Finding voltage and current in a somewhat unusual circuit

[gerbi]

If there is a wire with 1 micro-ohm of resistance, would you be able to solve the problem?

Suppose you then allow the resistance of the wire to become less and less until it becomes zero ohms as if it were a superconducting wire. Wouldn't there still be a current in that wire?

Go back and look at what I said in post #26,

There is no resistance, no voltage drop.. means no current. Unless it could be a superconductor.. but again, it's just a theory.

Ok, let's end this. Everyone has own rights. The essence here is interpretation.

 

[The Electrician]

There is no resistance, no voltage drop.. means no current.

You have a serious misconception if you think that when there is no voltage drop there can't be a current. If you are still a student, you should discuss this with your instructor.

 

[gerbi]

You have a serious misconception if you think that when there is no voltage drop there can't be a current. If you are still a student, you should discuss this with your instructor.

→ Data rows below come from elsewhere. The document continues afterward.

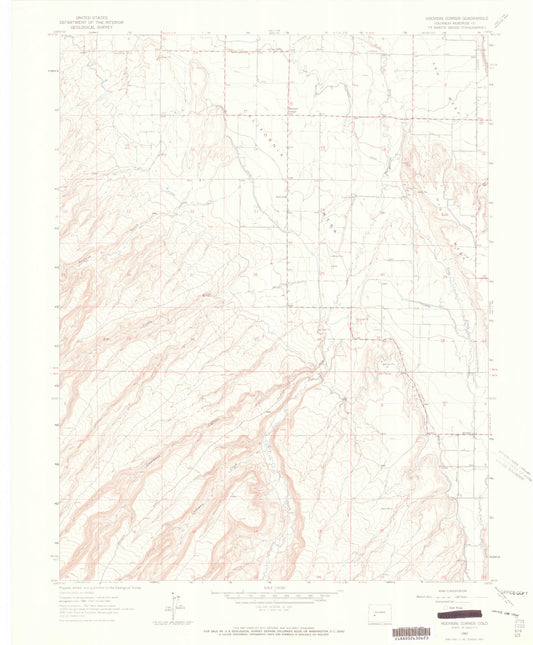 Classic USGS Hoovers Corner Colorado 7.5'x7.5' Topo Map Image
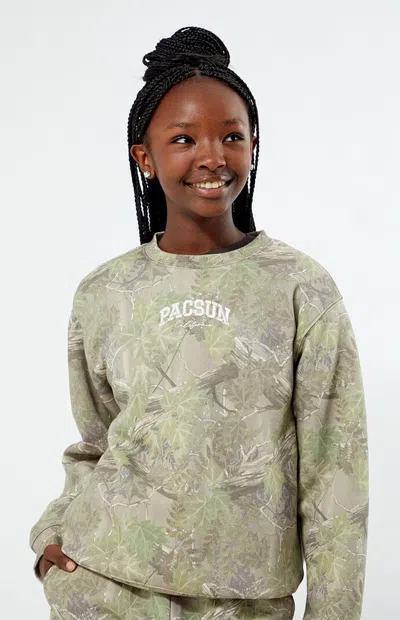 Pacsun Camo Crew Neck Sweatshirt In Camouflage In Green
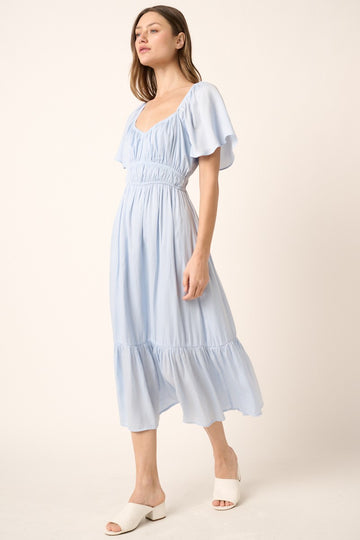 Blue Flutter Sleeve Midi Dress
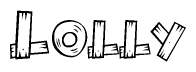 The clipart image shows the name Lolly stylized to look as if it has been constructed out of wooden planks or logs. Each letter is designed to resemble pieces of wood.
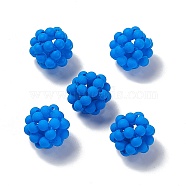 Handmade Plastic Woven Beads, Frosted Round, Dodger Blue, 15mm, Hole: 3mm(KY-P015-04E)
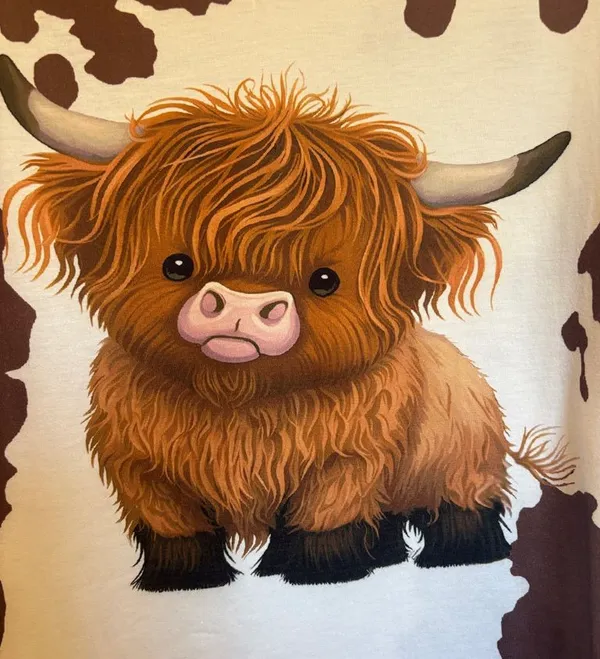 Highland Baby Cow Long Sleeve Tee Shirt V Neck Poly And Spandex Size Xxl - Image 2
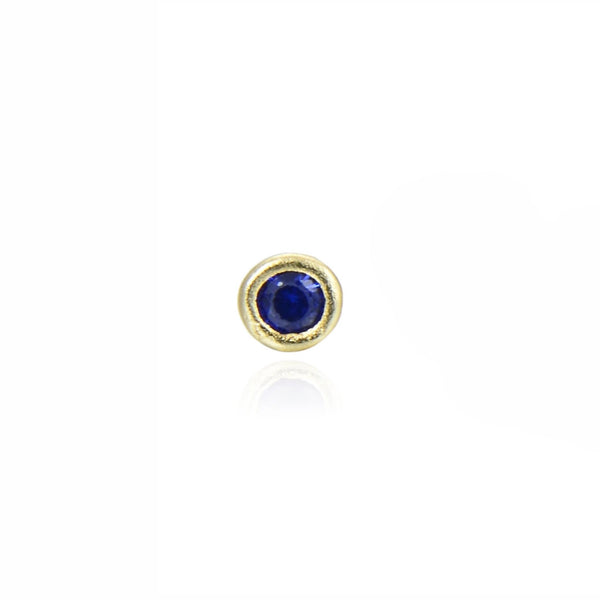 Dark blue stud guldbelagt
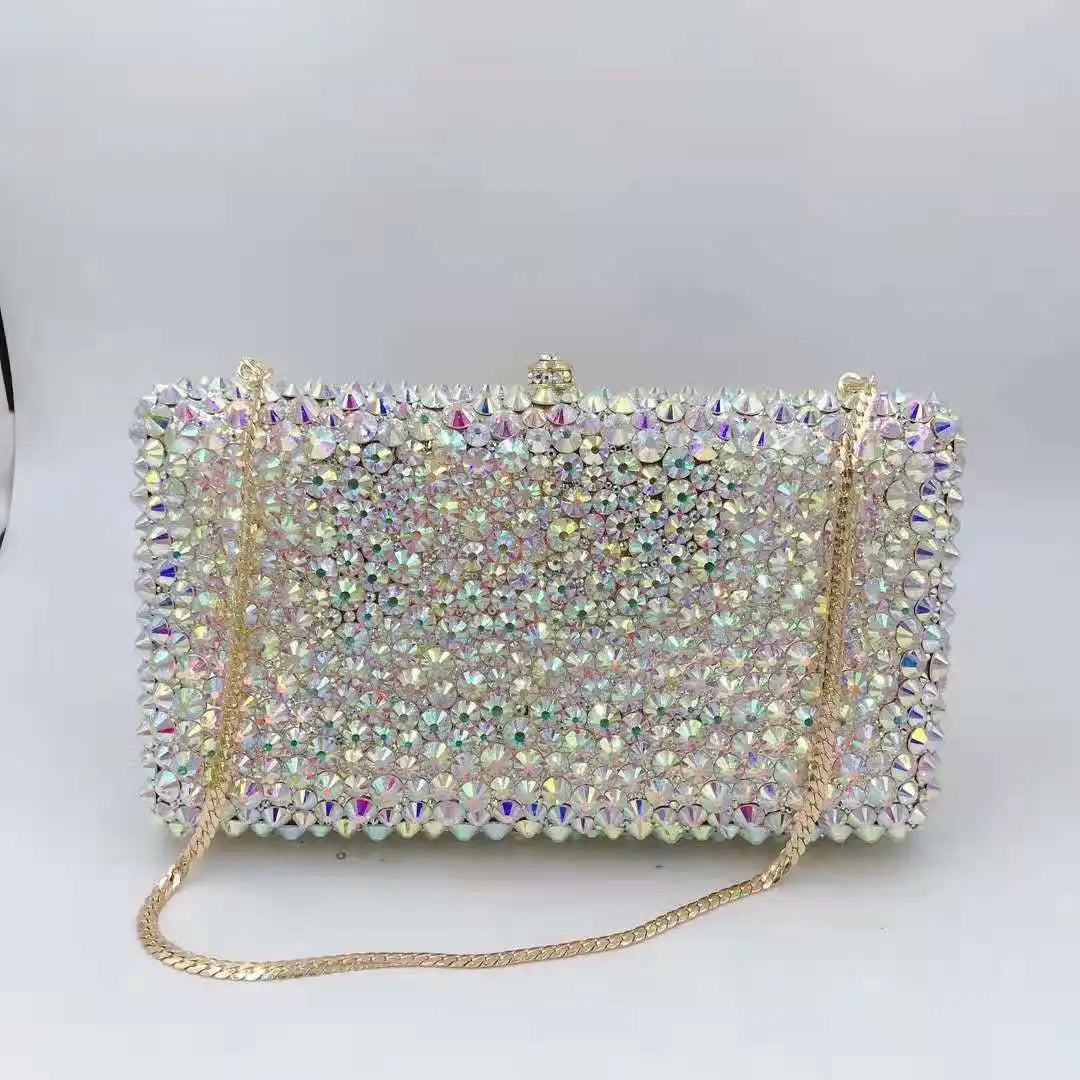 Silver Crystal Clutch Bag for Weddings and Parties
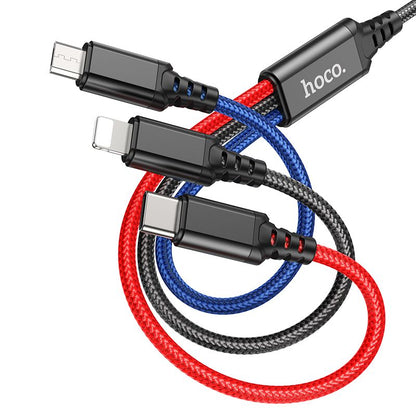 USB-A Charging Cable - Lightning / microUSB / USB-C HOCO X76 3in1, 18W, 1m, Multicolor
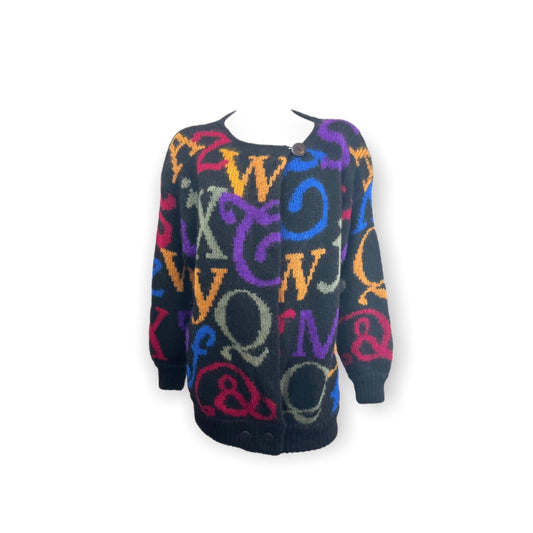VTG Letters Detail Wool Sweater Sz L / XL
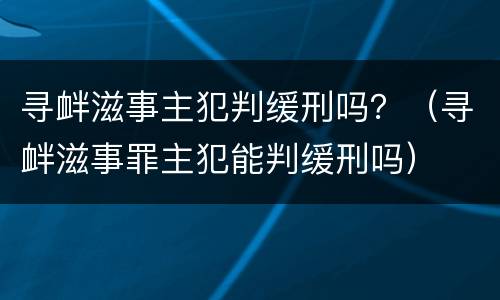 寻衅滋事主犯判缓刑吗？（寻衅滋事罪主犯能判缓刑吗）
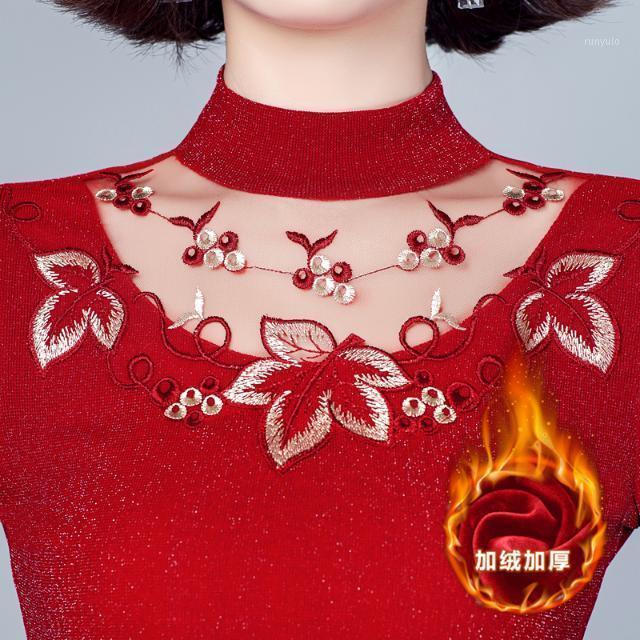 

Women's Blouses & Shirts Women 2022 Autumn Winter Lace Turtleneck Long Sleeve Shirt Top Mesh Female Clothing Ladies Casual Slim Blusas Large, Green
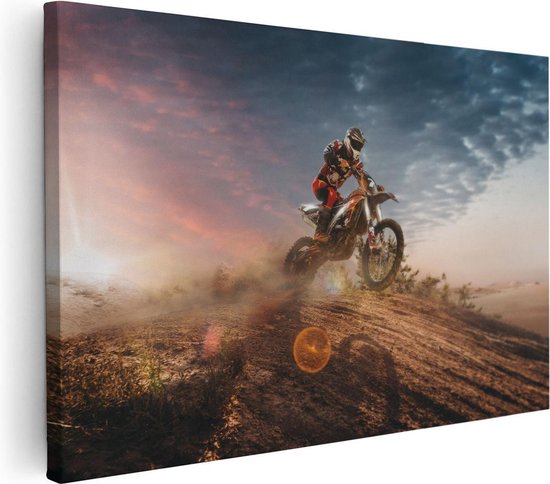 Artaza Canvas Schilderij Motorcross Op Een Heuvel Bij Zonsondergang - 120x80 - Groot - Foto Op Canvas - Wanddecoratie Woonkamer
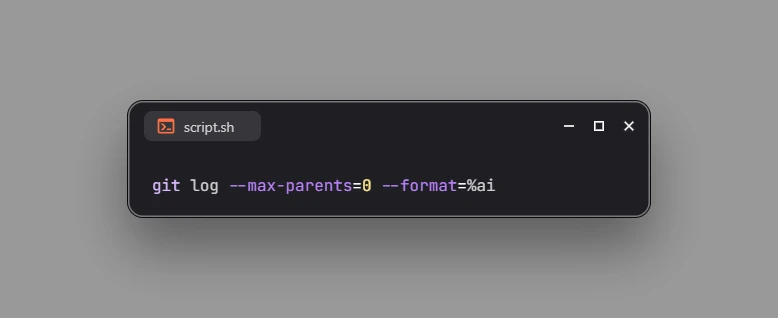 Get First Commit Date and Time in Git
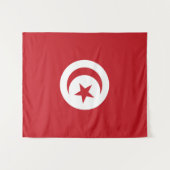 Tunesische vlag wandkleed (Voorkant (horizontaal))
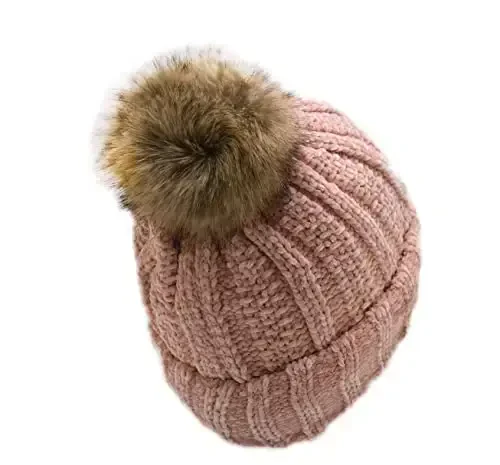 C.C Thick Cable Knit Faux Fuzzy Fur Pom Fleece Lined Skull Cap Cuff Beanie - 3
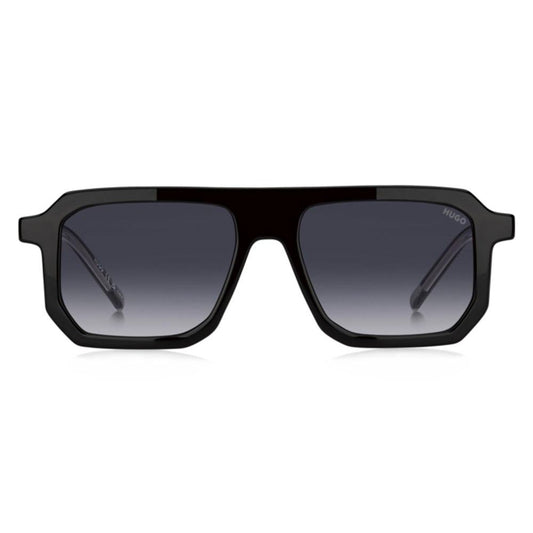 HUGO MOD. HG 1312_S gent sunglasses, black frame with gradient lenses, front view.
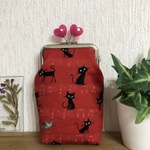 🐈猫ちゃんと音符♬柄のがま口財布👛（タバコケース用がま口財布)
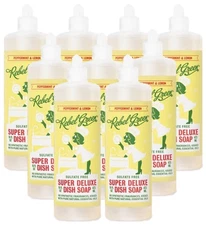 Rebel Green Dish Soap - Peppermint and Lemon - Deluxe 16 fl. oz / 473 ml.-10PACK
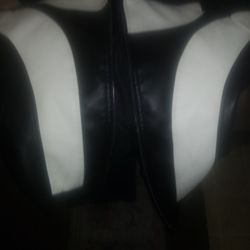 Blk / White Leather Varsity Coat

read my post again friend... I guess I'm not a student for a long time

 

[Bassalisk]

[PLAIN]http://pokit.org/get/3cf3c9bf3d978f78e44f8bbcf9d435b3.jpg

Ok, this is almost the same case. I short circuited a resistor. So the current is 0 here too? You have those 2 nodes like in the problem before. That means that no current will flow in the circuit?

We all know that it will.

 

[gerbi]

[PLAIN]http://pokit.org/get/3cf3c9bf3d978f78e44f8bbcf9d435b3.jpg

Ok, this is almost the same case. I short circuited a resistor. So the current is 0 here too? That means that no current will flow in the circuit?

We all know that it will.

I'm sorry.. the problem stated at the beginnign of this thread is static or transient ? Don't mix it please because You're right. It's alomst the same.

 

[Bassalisk]

Well I have to drift of the problem, because you are going into the theoretical stuff of the circuits, where not everything is perfect. Guy asked for a current through the wire, a problem that students do at the beginning of their journey of learning.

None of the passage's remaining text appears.